Потом он обнаружил в кармане вчерашние, замусолившиеся уже два куска сахара и выбросил их.
Ему так надоело бесконечное тюремное томление, бездействие и скука, что теперь все, начиная с утренней зарядки, он выполнял с большим рвением. И постель он старался заправлять, разглаживая каждую складочку и ревниво поглядывая на соседей, чтобы у него было ничуть не хуже, а лучше и ровнее, чем у других.
Поглядывал Антон и на своего командира.
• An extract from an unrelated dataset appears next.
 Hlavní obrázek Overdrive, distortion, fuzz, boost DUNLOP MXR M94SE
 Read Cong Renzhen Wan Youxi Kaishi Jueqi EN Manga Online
Не то грек, не то цыган, тот носил редкую фамилию Костанчи, был суров, неулыбчив и говорил короткими, рублеными фразами, и Антон его побаивался и пытался подавить в душе неприязнь к нему.
– Ты у меня чтоб бегом одеваться! – прикрикнул Костанчи на Антона в первое же утро.
Ну, а как же должен говорить командир, если он командир и обязан подтянуть подчиненного? Должен же он как-то отличаться от остальных ребят? И Антон одевался «бегом», старательно делал зарядку, выносил по распоряжению Костанчи воду из-под умывальника и вообще стремился не получать выговора, ни в чем не отставать и не подводить отделение.
Правда, постепенно осматриваясь вокруг, Антон стал замечать, что не все так стараются и не всех командир заставляет одеваться «бегом», и потому на зарядку девятое отделение иногда выходило с запозданием, но когда он один раз немного замешкался, Костанчи грубо закричал на него.
– Себя показывает, – сочувственно сказал Антону Елкин, а потом нагнулся и почему-то шепотом и не сразу добавил: – И… у воспитателя он любимчик. Понятно?.. Ты только ему особенно-то не давайся. Ты лучше – в лапу.